For a period of time I was a youth leader for young men in our local church congregation. One of our favorite activities was camping and getting into the outdoors. So, as often as was possible, we would pack up kids and cars and head up into the Rocky Mountains of Colorado.

On one particular trip we had 4 adult leaders and several kids crammed into 2 Suburbans and we were headed up the mountains to do a little spelunking. Like on most trips, a few of the kids, and one particular leader, had brought their fishing rods in the hopes of catching that nights dinner.

I was driving the trailing vehicle as we wound up a narrow, dirt, mountain road that had a cascading creek running beside it. After driving on this road for about 45 minutes, the truck in front suddenly came to a stop on the side of the road, our adult angler jumped out, grabbed is rod from the back and hopped down the bank to the creek.

Confused, I stopped the car, and went to talk to the driver of the first vehicle. As it turns out, for the previous hour our fishing buddy had been talking up his fishing skills with outlandish claims. No one in the car was buying his stories and were giving him a hard time. Finally, in frustration, our friend told the driver to “stop right now, and I will catch a brook trout in that stream running along the road in 5 casts or less.” So, without any hesitation, they stopped.

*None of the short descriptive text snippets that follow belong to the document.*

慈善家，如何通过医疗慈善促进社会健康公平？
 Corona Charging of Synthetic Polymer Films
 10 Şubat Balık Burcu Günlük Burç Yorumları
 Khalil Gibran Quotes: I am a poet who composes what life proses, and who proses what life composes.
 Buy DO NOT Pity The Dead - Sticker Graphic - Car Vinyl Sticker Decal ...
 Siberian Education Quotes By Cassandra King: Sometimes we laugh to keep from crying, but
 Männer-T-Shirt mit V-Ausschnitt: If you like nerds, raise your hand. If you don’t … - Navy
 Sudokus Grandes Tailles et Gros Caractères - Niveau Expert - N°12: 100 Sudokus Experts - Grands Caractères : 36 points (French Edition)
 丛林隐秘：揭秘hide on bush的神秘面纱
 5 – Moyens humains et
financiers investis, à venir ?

We looked down into the creek in time to see him make his first cast. To our amazement, he reeled in what was probably about an 8″ brooky. Thankfully, as he lifted it out of the water, it fell off the line. We insisted that it didn’t count and he had 4 casts left. On his fifth cast he brought in a slightly smaller, but good looking brook trout. He let it go, threw his rod in the truck, and continued to boast all the way to the campsite without anyone else saying another word.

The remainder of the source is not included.